For the second day running, shares of Livent Corporation (NYSE:LTHM), a miner of lithium metal used in the production of electric car batteries, are running higher. Up 11% at one point this morning, Livent shares are hanging onto a 2.6% gain as of 3 p.m. EST.
Curiously, Livent probably owes its success today (and yesterday) to good news concerning its competitor, Albemarle (NYSE:ALB).
Yesterday, Albemarle caught an upgrade from the analysts at Loop Capital. In that note, Loop argued that after reviewing Albemarle's fourth-quarter earnings report, which came out in the middle of last month, it has become "incrementally more positive on ... Albemarle," reported TheFly.com this morning.
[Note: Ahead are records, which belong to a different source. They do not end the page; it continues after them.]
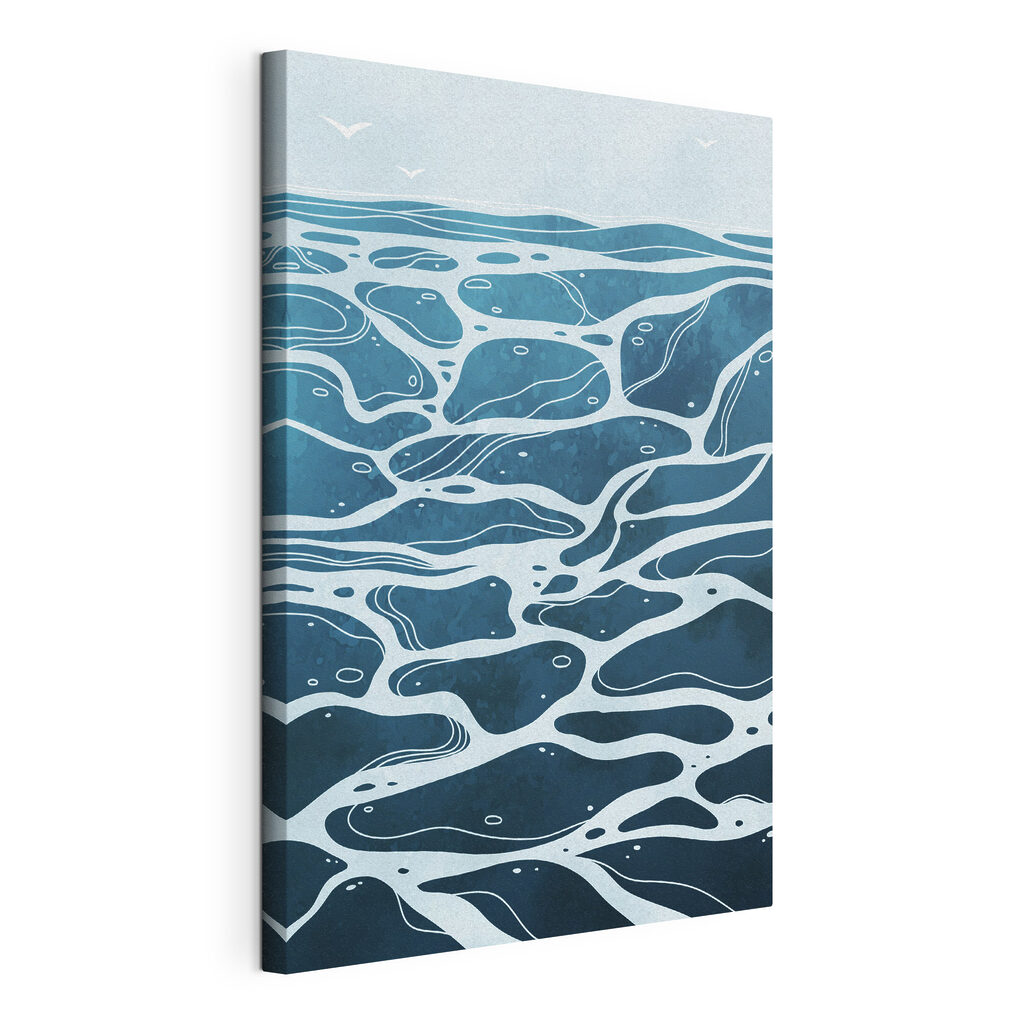 A blue and white water surface A blue and white water surface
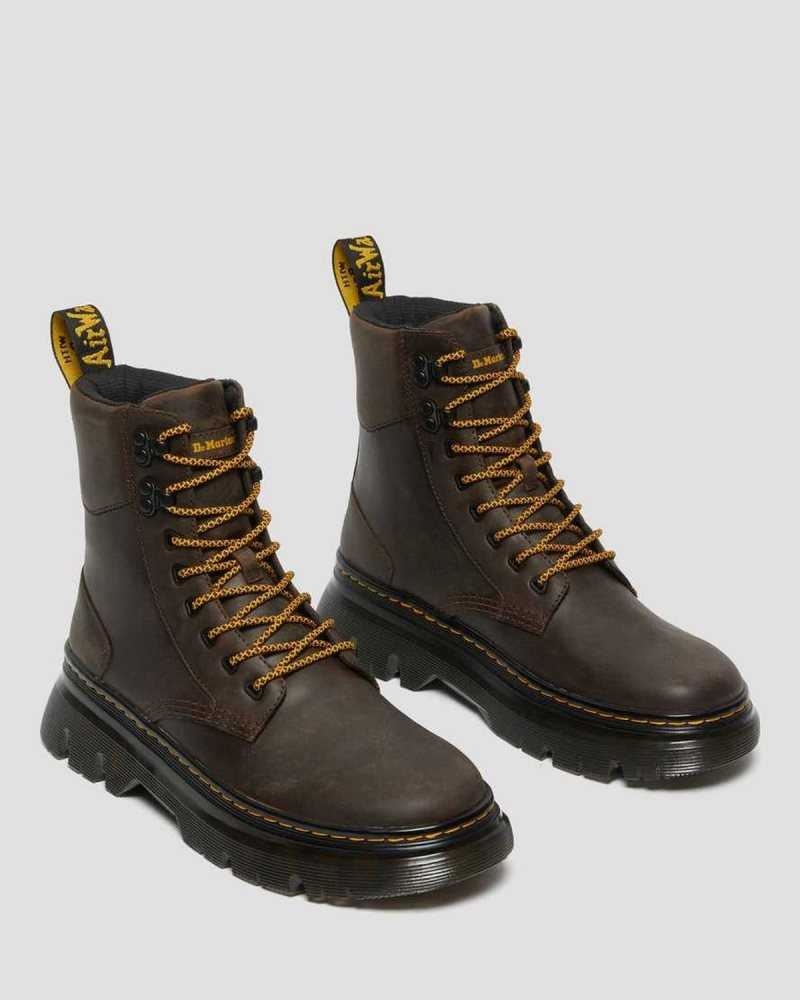 Dr Martens Tarik Crazy Horse Leather Utility Boots Casual Boots Dark Brown | 18706SOFN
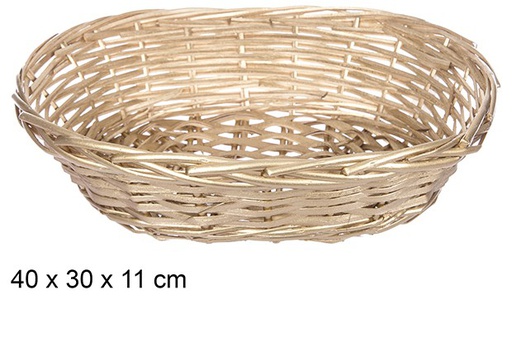 [108800] Cesto de vime oval de Natal dourado 40x30 cm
Both sales and earnings declined at Albemarle, for both Q4 and for 2020 as a whole. Nevertheless, Albemarle management forecast as much as a 6% increase in revenue for 2021, with at least the potential for earnings to grow as well. (Free cash flow, however, will go even more negative -- about $375 million at the midpoint of the estimates Albemarle provided.)
It seems to be Albemarle's sales growth that Loop is focusing on, and extrapolating from it, the analyst says it is also feeling more positive about the lithium industry in general -- not just Albemarle specifically.
Is that justified?
"With EV adoption accelerating globally," explains TheFly, Loop is getting better "visibility" into the potential for an "inflection" in the fundamentals of lithium production (i.e., the industry's ability to produce the stuff profitably). That being said, investors need to be aware that while Albemarle -- which was at least profitable last year -- is looking at potentially greater profits in 2021, Livent actually lost money in 2020. So while a mistake in Loop's thinking might only mean a bit less profit for Albemarle in 2021, a mistake in Livent's case could mean continued losses for that stock.
Long story short: The risk looks greater for Livent.